The Father
Nel 1906 a Tubinga si tenne una conferenza psichiatrica in cui un neuropatologo, Alois Alzheimer, presentò il caso di una sua paziente, Augusta D., da lui ritenuto una nuova forma di demenza. La Convenzione si concluse senza nessuna domanda e poco interesse da parte dell’allora comunità scientifica.
Un giovane ricercatore italiano, Gaetano Perusini – collaboratore di Alzheimer e parte meno famosa del binomio che ha dato il nome alla “malattia di Alzheimer-Perusini” – proseguì successivamente gli studi e si rese conto, con ottanta anni di anticipo, della presenza nel cervello dei malati di «una specie di cemento che incolla le fibrille insieme».
Oggi quel “cemento” attanaglia la mente di 47 milioni di persone. Abbiamo fatto talmente tanto esperienza di questa malattia e della sua narrazione, che è difficile riuscire a trovare un modo diverso di raccontarla, avulso dalla compassione e dalla pietà che proviamo quando entriamo in contatto con la storia di un malato. Florian Zeller col suo The Father riesce radicalmente a farci cambiare punto di vista. Grazie a un’interpretazione magistrale di Anthony Hopkins, entriamo in una mente prigioniera dell’Alzheimer, in cui si confondono visi, momenti e spazi, in cui non ci sono appigli né punti di riferimento. Ci si sente perduti e confusi mentre fatichiamo a comprendere il ruolo dei diversi personaggi che ruotano attorno ad Anthony, il protagonista del film, mentre insieme a lui ci perdiamo per stanze e corridoi sempre diversi, mentre vaghiamo in quel labirinto che è prima di tutto spaventosamente interiore, mentre la musica di Einaudi ingigantisce quel vuoto che si viene man mano formando.
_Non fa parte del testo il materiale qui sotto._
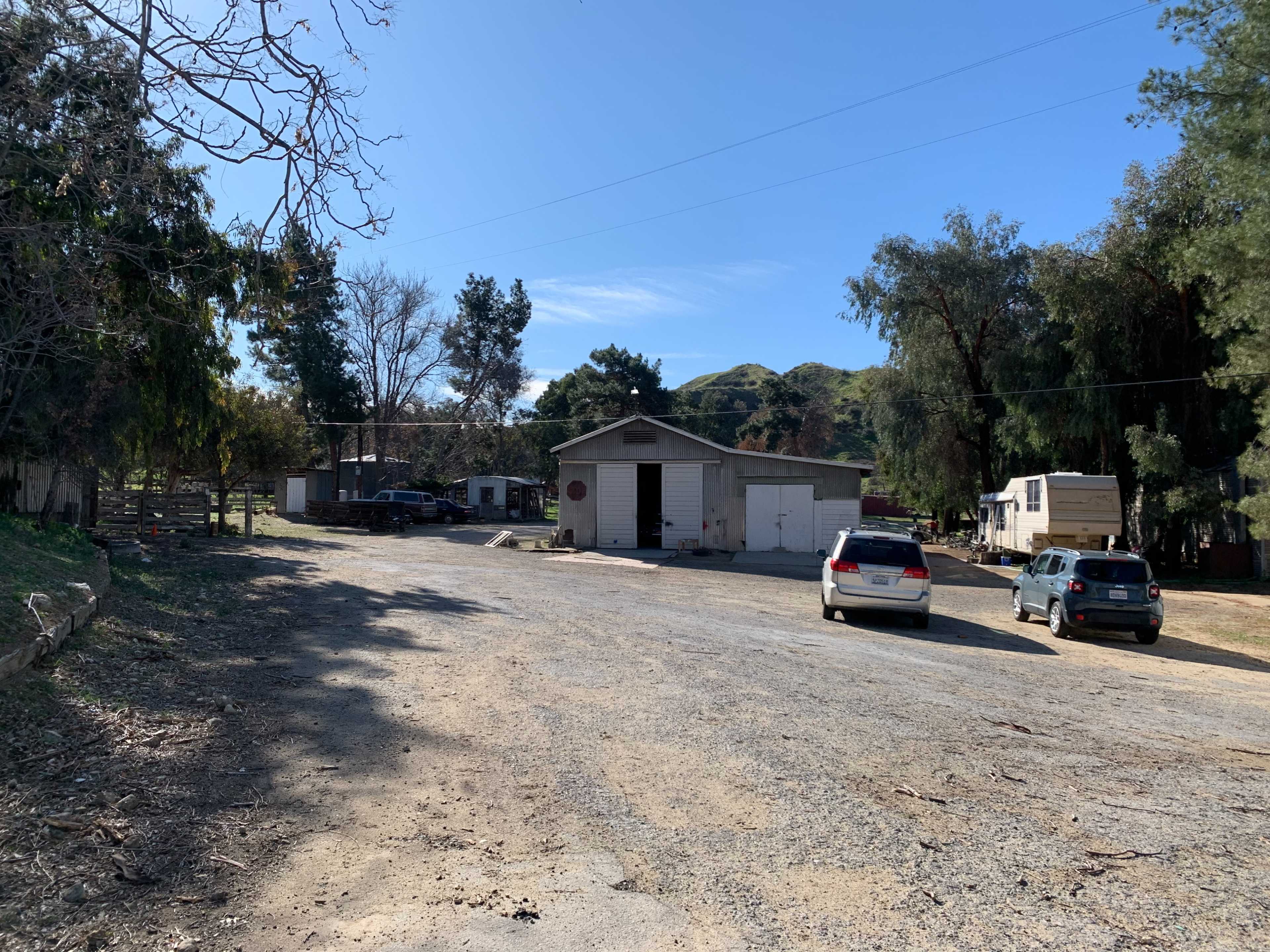 A gravel road leading to a building surrounded by trees and parked vehicles.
Rimaniamo spiazzati, esattamente come lui, quando non capiamo chi vive in quella casa, quando anche i dettagli più significativi, come un quadro su un camino, non ci permettono di orientarci. Ci sentiamo persi come Anthony che cerca disperatamente il suo orologio, quello che perde ogni giorno, perché altrimenti – come ripete – non saprà più nemmeno che ore sono, in un mondo senza tempo, in cui non si capisce quando è mattina o quando è sera e non si ha nessuna coordinata temporale.
In un mondo i cui i ruoli si invertono e un padre si trasforma nel figlio di sua figlia (interpretata da una sempre meravigliosa Olivia Colman) e ci colpisce allo stomaco con la sua vulnerabilità, quando chiede a quella figlia di non lasciarlo solo, quando la ringrazia dolcemente dopo averlo aiutato a infilarsi un maglione o quando ha bisogno della sua mamma.
Mi sembra, però, che quello che si prova di fronte ad Anthony non sia compassione, ma una sana e profonda tristezza, frutto di un’immedesimazione che è difficile evitare. Non ci dispiace solo per Anthony, ci dispiace per noi, per la nostra misera condizione, che ci viene brutalmente messa davanti nel momento più buio di Anthony, quando ha bisogno che gli venga ricordato chi è e si sente “come se stess[e] perdendo tutte le [sue] foglie”, nel momento in cui è consapevole di non essere in grado di comprendere la realtà che lo circonda e sprofonda nella disperazione più nera e l’unico modo per calmarlo è scandire una sicura e confortante routine: «Prima ci vestiamo, poi andiamo a fare una passeggiata nel parco […] poi torniamo a mangiare qualcosa…».
Credo che la grandezza di questo film stia nella capacità di darci uno spazio di autentica disperazione prima di tornare alla nostra routine.